To Americans and Europeans, unaccustomed to the British tradition of school uniforms that has taken root in South Africa, Australia, and other ex-colonies, such prescriptions may seem draconian, but parents like them. There are many advantages to school uniforms. They are less expensive than regular, fashionable clothing for teenagers. Poor children dress exactly rich children. South African blacks–who are inveterate imitators of white customs–take pride in school uniforms, too. The richest man in South Africa, Christo Wiese, an Afrikaner retail magnate, first made money by selling cheap school uniforms to millions of black parents.

Needless to say, the yuppie black parents with highly-paid affirmative-action jobs in government or big corporations stand in line for hours to enroll their children in schools such as Pretoria Girls High. Even the country’s Minister of Basic Education, Angie Motshekga, who is black, told the SABC (South African Broadcasting Corporation) that there was “nothing controversial” about the rules at Pretoria Girls High, and even referred dismissively to the “mixed breed’s Afro.” Any white person who uttered these words would be dismissed hysterically. “If you look at those rules you can see that they are standard rules that you find in most codes of conduct,” she said.

The student body at Pretoria High is reportedly about 35 percent black, so it is still a majority-white school, but probably not for long. It is in “old Pretoria,” near the university and city centre. Like in many American cities, white flight has left the downtown completely black; demographic pressures is bound to make it all-black, with the current controversy adding fuel to the fire.

Instead of trying to fix the public schools in black areas, where drunken or absentee teachers, grades for sexual favors, and even rape are not uncommon, the education department focuses on the white-run schools that inadvertently transgress PC dogma.

In the aftermath of the Pretoria High controversy, further reports appeared in the international press, including the Washington Post, mostly accusing the white teaching staff of racism.
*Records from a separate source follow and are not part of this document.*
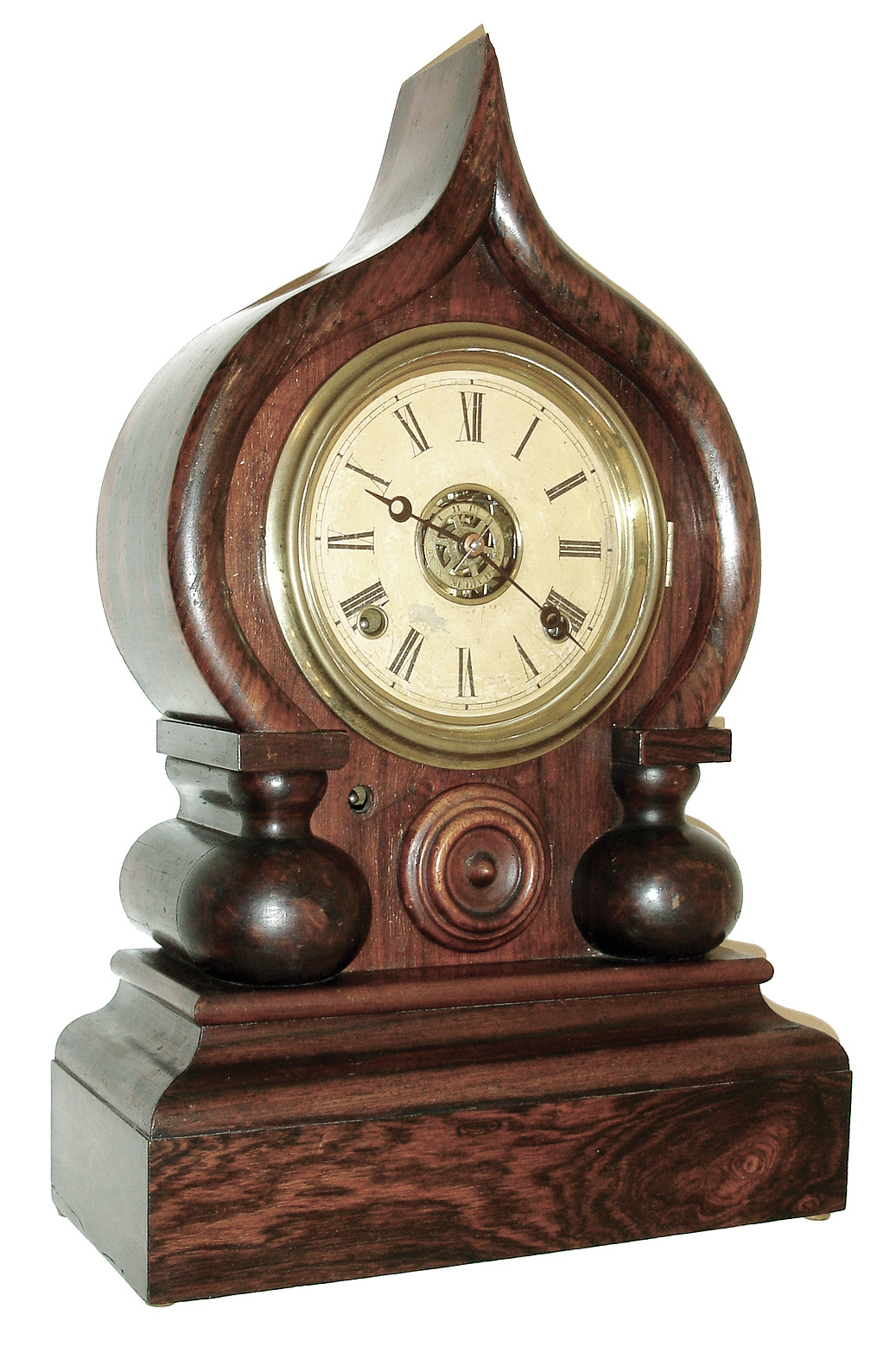 E. Ingraham &amp; Co., Bristol, Conn., ÓOrientalÒ shelf clock in a rosewood veneer case with a, spring driven, 8 days, time, strike and alarm movement, c1880. — Antique Clocks Price Guide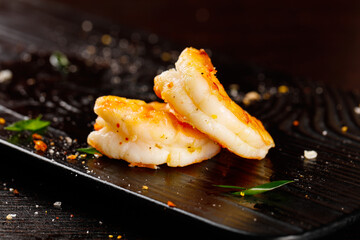 Grilled Fresh Prawns with Herbs on Slate Plate - Gourmet Seafood Dish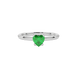 Close-up angled shot of Emerald Green heart cut lotus basket halo ring in white gold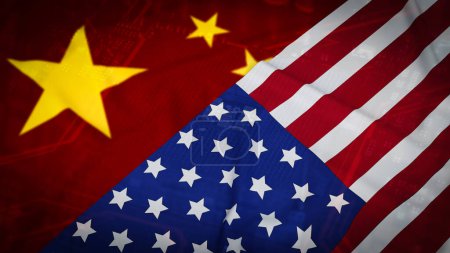 Téléchargez les photos : Drapeau de la Chine et des États-Unis sur fond de pub rendu 3d - en image libre de droit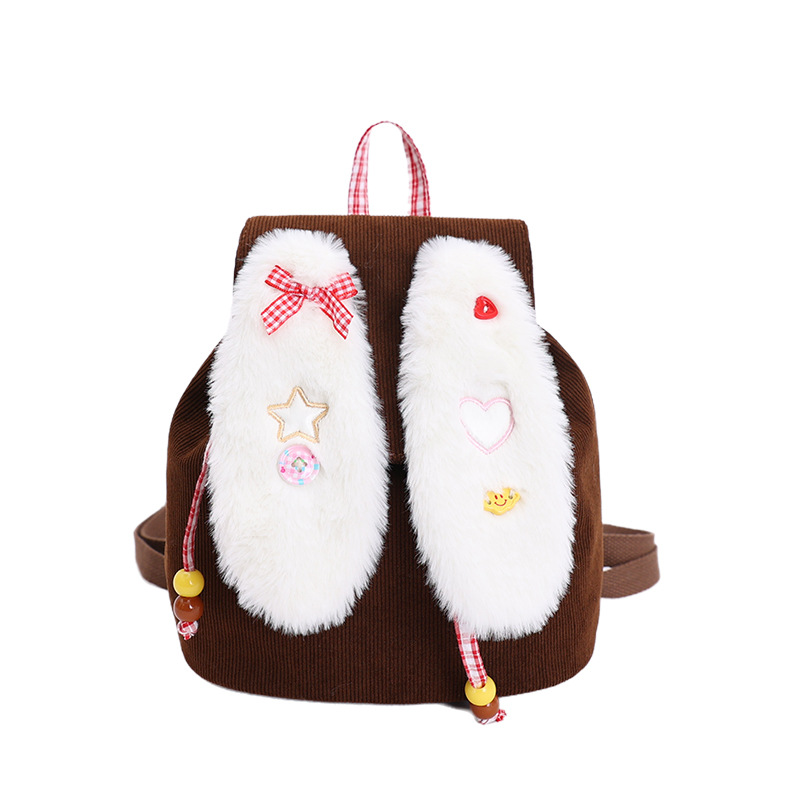 Mochila para niños con orejas de peludo, mochila para bebés de jardín de infantes, mochila para niños y niñas.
In South Africa, there has been a bandwagon effect with girls in schools as far afield as Cape Town and Durban suddenly angry about appearance rules.

A black pupil at Sans Souci High School for Girls in Newlands, Cape Town, claimed that “I had to cut it [my hair] and burn my scalp just to get it straight and fit the perfect image of a ‘proper Sans Souci girl.’ ” Along the East Coast of South Africa, the KwaZulu-Natal education department sent a posse of officials to investigate Queensburgh Girls’ High, near Durban, after allegations that black pupils were not told not to play indigenous games and to cut their hair because it “looked messy.”

And this is in addition to the steady drumbeat of the usual accusations: One black girl at the Kwazulu-Natal school accused her English teacher of being “racist” because she had criticized the black practice of “lobola” whereby brides are sold for cattle. “She wants us to think like her, she is always putting us down,” she said.

The schools controversy prompted black activist Khaya Dlanga to say that “this is why black-owned and controlled private schools are the way forward.” We have seen this kind of separatist sentiment in the United States as well. Does it mean we have come full circle? Are blacks now suggesting that some form of enlightened segregation is the only way out of the nightmare of racial issues that make headlines every week?

South Africa continues to slouch towards the “non-racial” ideal stated in the preamble to its 1996 Constitution–a notion that appears more bizarre and unattainable every day.